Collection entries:
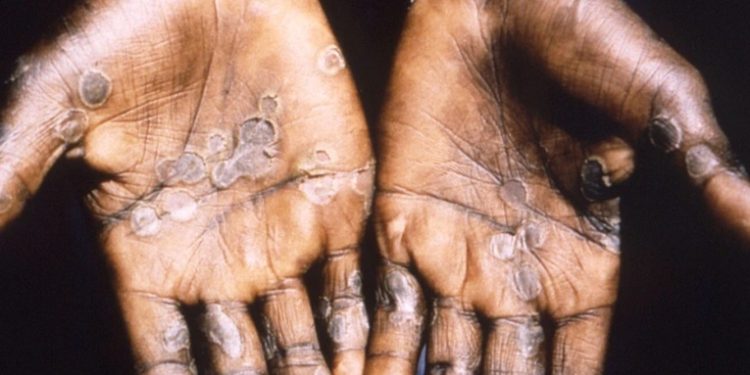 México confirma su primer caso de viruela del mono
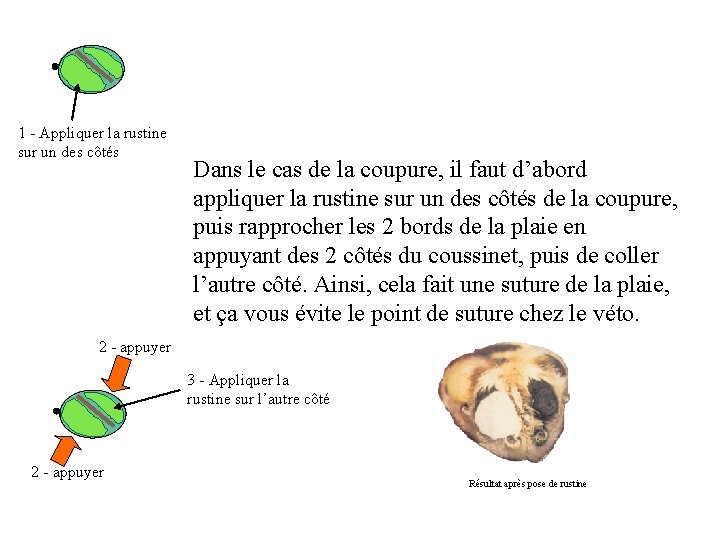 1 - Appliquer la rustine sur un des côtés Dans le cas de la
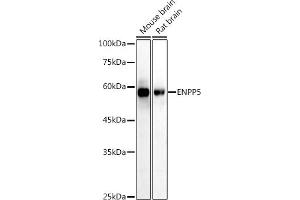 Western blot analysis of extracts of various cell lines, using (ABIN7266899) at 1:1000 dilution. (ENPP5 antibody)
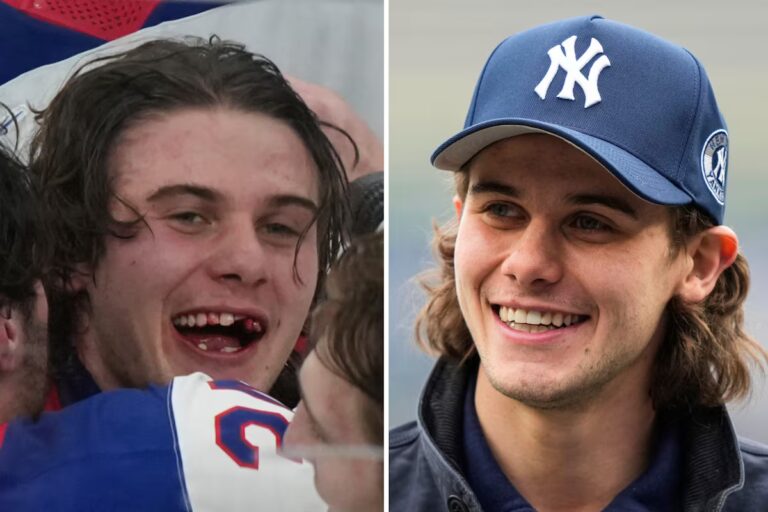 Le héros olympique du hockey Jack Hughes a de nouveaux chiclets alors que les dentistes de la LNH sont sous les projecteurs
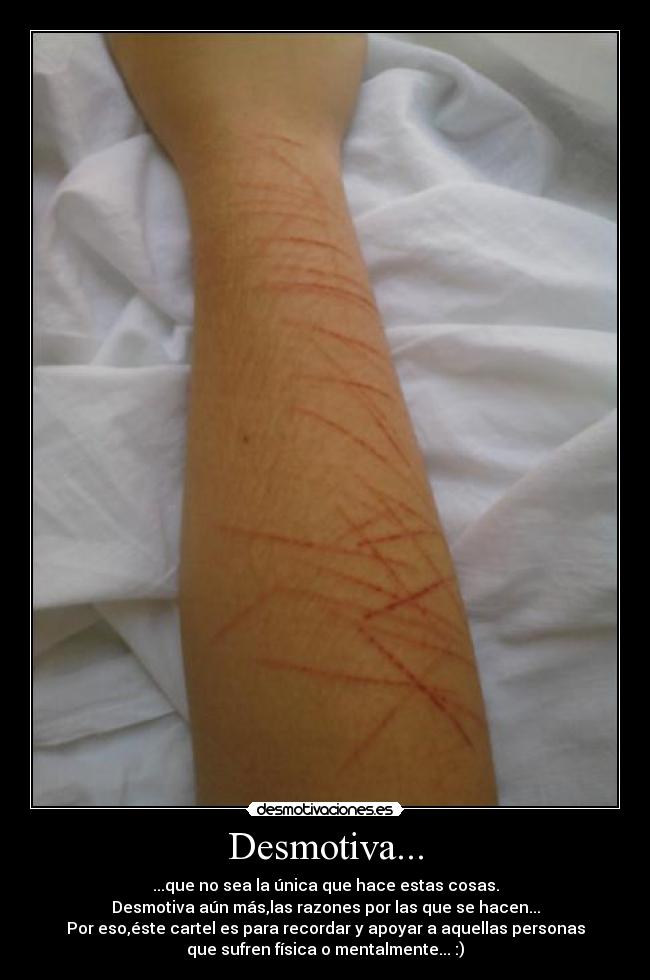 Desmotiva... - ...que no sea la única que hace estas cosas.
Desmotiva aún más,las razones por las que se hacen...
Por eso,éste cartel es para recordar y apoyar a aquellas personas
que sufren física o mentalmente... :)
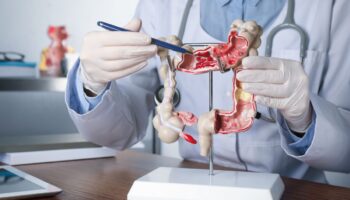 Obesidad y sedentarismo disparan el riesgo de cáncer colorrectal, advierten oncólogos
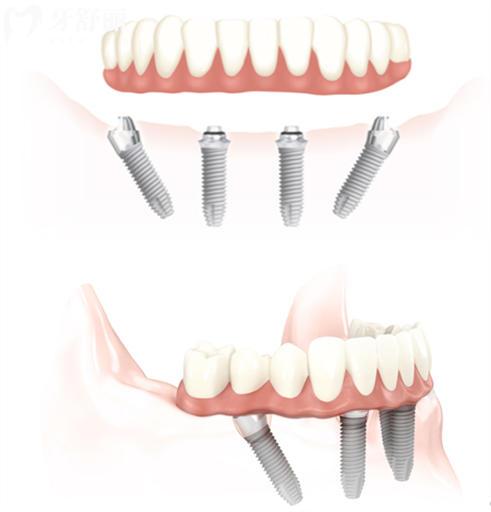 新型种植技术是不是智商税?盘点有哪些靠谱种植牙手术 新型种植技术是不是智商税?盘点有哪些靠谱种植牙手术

**Aim of the exercise**
Above are entries with pictures among them. Write out exactly the lines from the one containing "Desmotiva... - ...que" through the one containing "Obesidad y sedentarismo", ends included, and leave those pictures out.

**Answer to this exercise**
 Desmotiva... - ...que no sea la única que hace estas cosas.
Desmotiva aún más,las razones por las que se hacen...
Por eso,éste cartel es para recordar y apoyar a aquellas personas
que sufren física o mentalmente... :)
 Obesidad y sedentarismo disparan el riesgo de cáncer colorrectal, advierten oncólogos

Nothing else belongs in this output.